TIFF is currently in full swing and while there are many, many great films to screen, I recently came across a perfect gem of a movie on DVD, Electric Edwardians: The Lost Films of Mitchell and Kenyon. Sagar Mitchell and James Kenyon travelled through Edwardian Britain filming ordinary local people in the morning and then holding screenings later the same day so that these folks could delight in seeing themselves on the big screen. This was a lucrative business for a number of years until the audience tired of watching themselves and demanded narrative. The two men abandoned the business and placed the negatives beneath the floorboards of a house. Packed in tin canisters, these precious films were discovered close to a hundred years later when the building was slated to be demolished. Painstakingly and lovingly restored by the British Film Institute, Electric Edwardians is a sample of the most compelling of the found footage, set to a sublime musical score by Klive and Nigel Humberstone.

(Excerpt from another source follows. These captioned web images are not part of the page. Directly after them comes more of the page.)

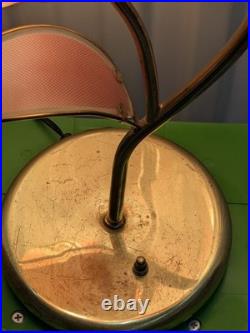 Vintage Lotus Pink Flower Tulips Brass Lamp Underwriters Laboratories Beautiful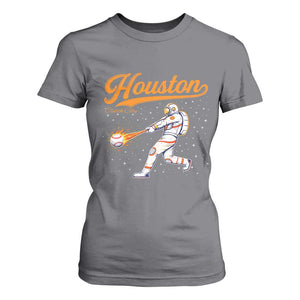 Houston Clutch City T Shirt For Women Astronaut Baseball Player In Space TS10 Charcoal Print Your Wear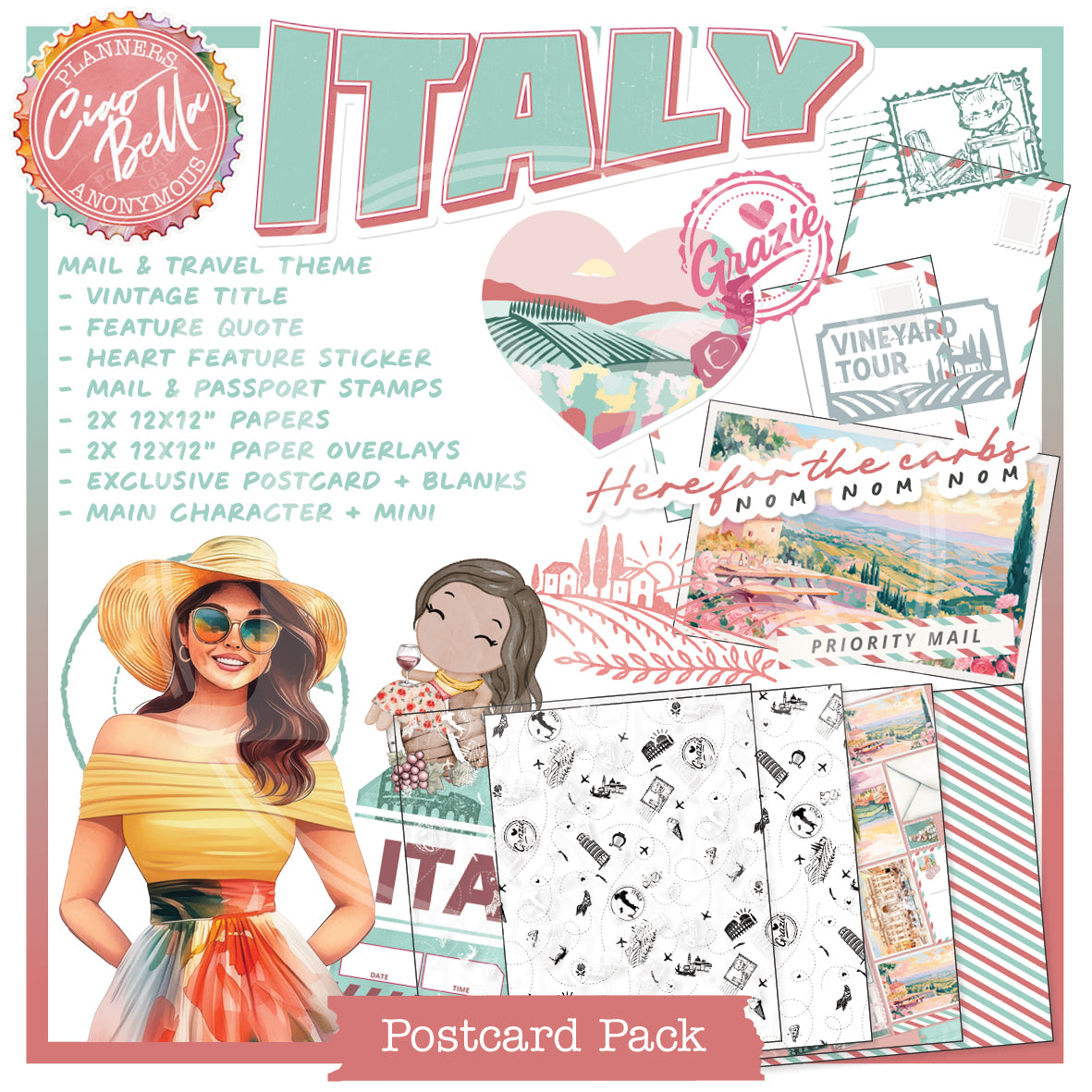 PC03: Ciao Bella Postcards Pack Printable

As an added bonus on the DVD (which should almost be screened first), some of the films’ restorers and historians talk about the complex technological task of bringing Mitchell and Kenyon’s work back to life. Watching the documentary is one of the closest things to time travel I have ever experienced. Often the subjects look right into the lens, kids ham it up for the camera, and the net effect is as melancholy as it is magical.

Children Phys Ed Demonstration 1904, from Electric Edwardians

Closer to home, when I was working on my film on the history of the Evergreen Brickworks, I stumbled across some early films of Toronto at the wonderful and underused City of Toronto Archives. Canada’s visual records are alas not nearly as well organized and preserved as in other countries. Much of the Libraries Canada’s collection is not available on line and can only be screened in Ottawa. It’s a real shame because nothing quite brings the past to life like a – beautifully restored – moving image.